Lebt denn der alte Holzmichel noch, Holzmichel noch, Holzmichel noch, lebt denn der alte Holmichel noch Holzmichel noch? und alles hoch! Ja er lebt noch, er lebt noch, er lebt noch, nochemal: ja er lebt noch, er lebt noch, stirbt nicht.
Im Betrieb wurde er durch eine Maschine ersetzt und arbeitslos gemacht, das hat er nicht verkraftet, dass er sich nicht selbst ernähren konnte, obwohl er stark war, er wusste, dass niemand im Deutschen Wald leben darf, er hat sich im Wald versteckt, niemand hat ihn gefunden, auch als er krank war, wusste niemand, wo er war, wir konnten ihm keine Arznei bringen.
Uns blieb nichts weiter übrig als das Lied nur noch zu summen und das mach mor jetzt bitte gemeinsam. hm hm mmmm......
Ja er lebt noch, er lebt noch, er lebt noch, ja er lebt noch, er lebt noch stirbt nicht.
Dann sind die Jäger gekommen und haben den Wald lichten lassen und geschossen. Unser Holzmichel war kurz später wie tot. Er lag also jetzt unten auf der Erde, hat kein Mucks mehr gesagt, Augen verdreht, alles. Ach mir dachten jetzt isses so weit und in Anbetracht der Situation die ja nicht mehr schön war ham mor uns dann entschieden das Lied nur noch zu schweigen. Ab jetzt. ......
Ja er lebt noch, er lebt noch, er lebt noch, ja er lebt noch, er lebt noch stirbt nicht.

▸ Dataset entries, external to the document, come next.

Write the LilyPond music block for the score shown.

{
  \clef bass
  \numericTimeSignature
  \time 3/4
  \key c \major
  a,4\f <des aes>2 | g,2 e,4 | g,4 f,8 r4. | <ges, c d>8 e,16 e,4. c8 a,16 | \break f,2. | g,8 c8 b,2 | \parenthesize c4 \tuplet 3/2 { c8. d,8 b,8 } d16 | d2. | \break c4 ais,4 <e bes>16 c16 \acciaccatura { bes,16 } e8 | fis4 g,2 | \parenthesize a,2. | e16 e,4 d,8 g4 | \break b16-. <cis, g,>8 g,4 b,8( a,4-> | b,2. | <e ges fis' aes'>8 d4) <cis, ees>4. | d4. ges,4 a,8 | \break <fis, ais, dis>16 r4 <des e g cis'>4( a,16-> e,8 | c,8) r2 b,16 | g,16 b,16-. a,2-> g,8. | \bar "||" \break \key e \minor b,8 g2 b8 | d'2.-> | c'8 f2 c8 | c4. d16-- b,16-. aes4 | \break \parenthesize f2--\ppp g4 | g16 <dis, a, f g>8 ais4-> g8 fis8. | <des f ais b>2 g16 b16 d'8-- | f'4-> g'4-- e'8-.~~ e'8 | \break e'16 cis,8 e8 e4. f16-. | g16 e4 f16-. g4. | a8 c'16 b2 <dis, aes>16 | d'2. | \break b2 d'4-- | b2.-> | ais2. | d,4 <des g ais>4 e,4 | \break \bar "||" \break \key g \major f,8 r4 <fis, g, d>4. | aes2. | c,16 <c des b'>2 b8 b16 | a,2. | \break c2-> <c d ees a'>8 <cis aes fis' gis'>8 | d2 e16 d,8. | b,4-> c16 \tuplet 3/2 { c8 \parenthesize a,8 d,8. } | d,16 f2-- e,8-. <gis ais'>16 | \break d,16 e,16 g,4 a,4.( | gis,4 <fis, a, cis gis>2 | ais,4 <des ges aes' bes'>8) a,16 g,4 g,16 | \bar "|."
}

Nun sind Wochen, wenn nicht gar Monate vergangen. Wir ham nüscht mehr von unserm Michel gehört. Mir ham uns dann das entsprechende Tagesblatt bestellt, um nachzuschauen, wann steht er denn drinne. Ja und als mor da nüscht lesen konnten, ham mor uns ä Sträußel Blumen genommen und sei wieder naus in Wald um die letzte Ruhestätte unseres Michels zu suchen. Mit einmal hör ich so ein Geräusch, so ein Klopfen. Da dacht ich: Mensch, der Michel hat doch egal Holz gehackt. Wird er sich denn wieder erholt ham? Ich geh näher ran. Auf einmal erkenn ich ihn wieder und dank unserer Pflege und eurer Hilfe hat er sich doch tatsächlich wieder erholt. Er ließ einen Schwarzen Holz hacken, der heimlich überleben mußte. Wir haben ihn nicht verraten. Und lasst uns noch mal ein Loblied singen auf unsern Michel, bitte noch einmal mit voller Kraft:
Lebt denn der alte Holzmichel noch, Holzmichel noch, Holzmichel noch, lebt denn der alte Holmichel noch Holzmichel noch. Alles nach oben Ja er lebt noch, er lebt noch, er lebt noch, ja er lebt noch, er lebt noch stirbt nicht." Das ist die deutsche Hymne, die Hoffnung macht."
Licht geht aus, an.
Entertainer: "Der Dichter wird am Ausgang mit dem Hut Geld sammeln, damit der Dramatiker aus dem Sozilahilfestatus kann."